A guide to the tastes in Balinese cuisine!

A little guide to what to expect from Balinese cuisine before you try it!

A cultural and spiritual cuisine

Bali is a unique island with a strong cultural identity. Its cuisine has lots of specialties. For example, the Balinese love babi guling (spit roasted suckling pig) a celebration dish whose preparation involves the whole village and which has the added advantage of confirming their Hindu identity in the mainly Muslim Indonesia In Bali cooking is definitely social and spiritual, and marked by different traditions in different regions.

Cooking a babi guling in Amed, Bali

The Balinese soil is rich and fertile and everything grows in it, so their varied cuisine is based around a variety of fruits, vegetables and spices. They also raise a wide range of animals: ducks, pigs, chickens, and goats in the different regions.

Rice is the great unifying element - there is nearly always rice. It is grown in Bali and steamed. It is of a very high quality and is almost sacred to the Balinese.

Shall we sit down to eat?

Well, not like normal because traditionally on the Island of Gods there are no tables. They don't use plates or cutlery either, but don't worry, you will be offfered them. The Balinese eat with their right hand, everyone serving themselves direct from the main dish. The Balinese eat fairly quickly and don't usually talk much during their meals. But mealtime is still a family time.
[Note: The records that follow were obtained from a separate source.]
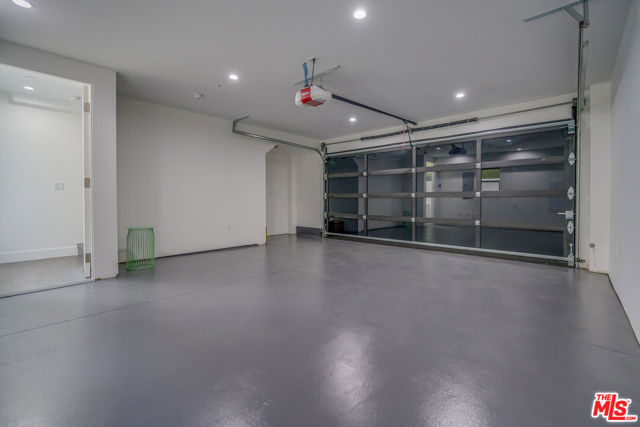 4422 S Riley Drive, Los Angeles CA: https://media.crmls.org/mediaz/7882ebdc-712d-46d0-96bd-f7863e6f179d.jpg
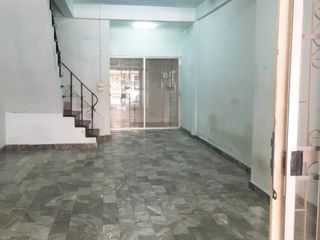 Reihenhaus zum Kauf mit 4 Zimmer in Thung Khru, Bangkok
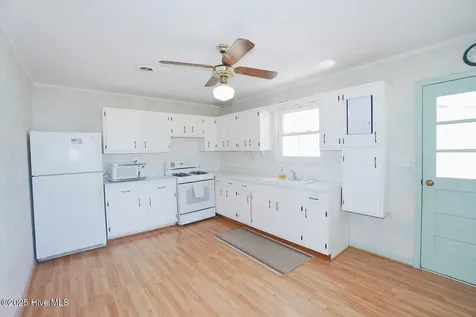 424 Trott Street Oak Island NC 28465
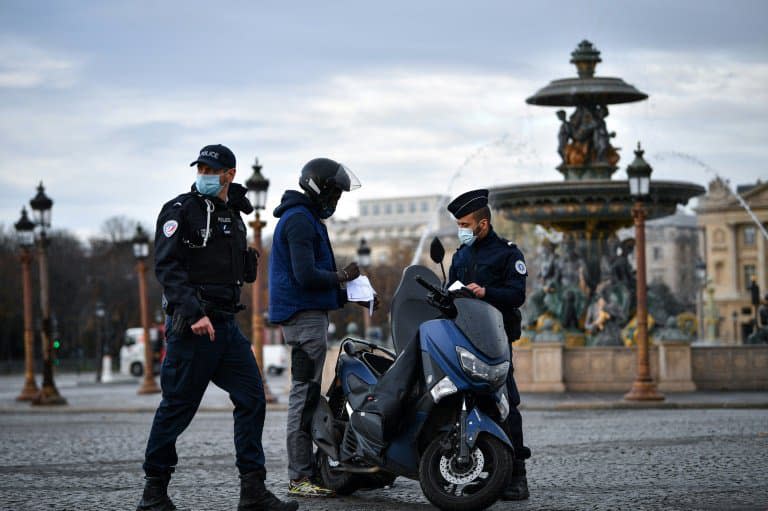 Contrôle d'attestation de sortie place de la Concorde à Paris le 13 novembre 2020 - Anne-Christine POUJOULAT © 2019 AFP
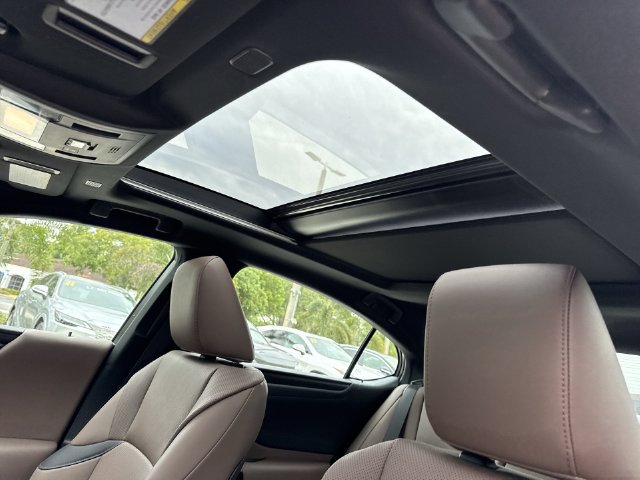 Certified 2024 Lexus ES 350 w/ Premium Package FWD image 22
What should I order in a restaurant?

You are sitting in a warung (a small, traditional restaurant) with the menu in your hands, and you are lost. Which is understandable because the menus aren't always in English and you can't guess what the Balinese might be. It would be a shame not to try the following dishes though:

  • Nasi Goreng/Mi goreng: THE dish that symbolises Bali. Either fried rice or noodles (mi) with a fried egg and some vegetables, or occasionally chicken. Delicious, not too spicy, it's ideal for children.
  • Nasi campur: a bigger meal consisting of rice with tofu, vegetables and eggs - fresh and tasty!
  • Gado-Gado: if you are vegetarian this is the dish you will eat most often because Balinese cuisine has few vegetarian dishes. It's a sort of sticky rice with soy bean sprouts, and fresh herbs and a savoury peanut sauce.
  • Sate or sate lilit: famous Balinese skewers of chicken, fish or goat, according to the region, served with a dark peanut sauce - delicious! Sate lilit is made with fish that has been mixed with coconut.

Cheese or pudding?

Don't expect cheese, it's not something that is part of the Balinese tradition. There aren't many puddings either but it would be a pity not to try some of the tasty tropical fruit. Jackfruit, salak, rambutan, avocado, mango and fresh coconut - you can find them in the markets or on little stalls by the side of the roads and they are delicious and cheap.

What delicacies should I take home?

You could do your bit for the local economy by taking a hamper home with you! Salt from the east coast, especially from Amed, Balinese chilis, "kopi luwak ", coconut oil and a few packets of peanuts will help keep your journey alive in your cooking!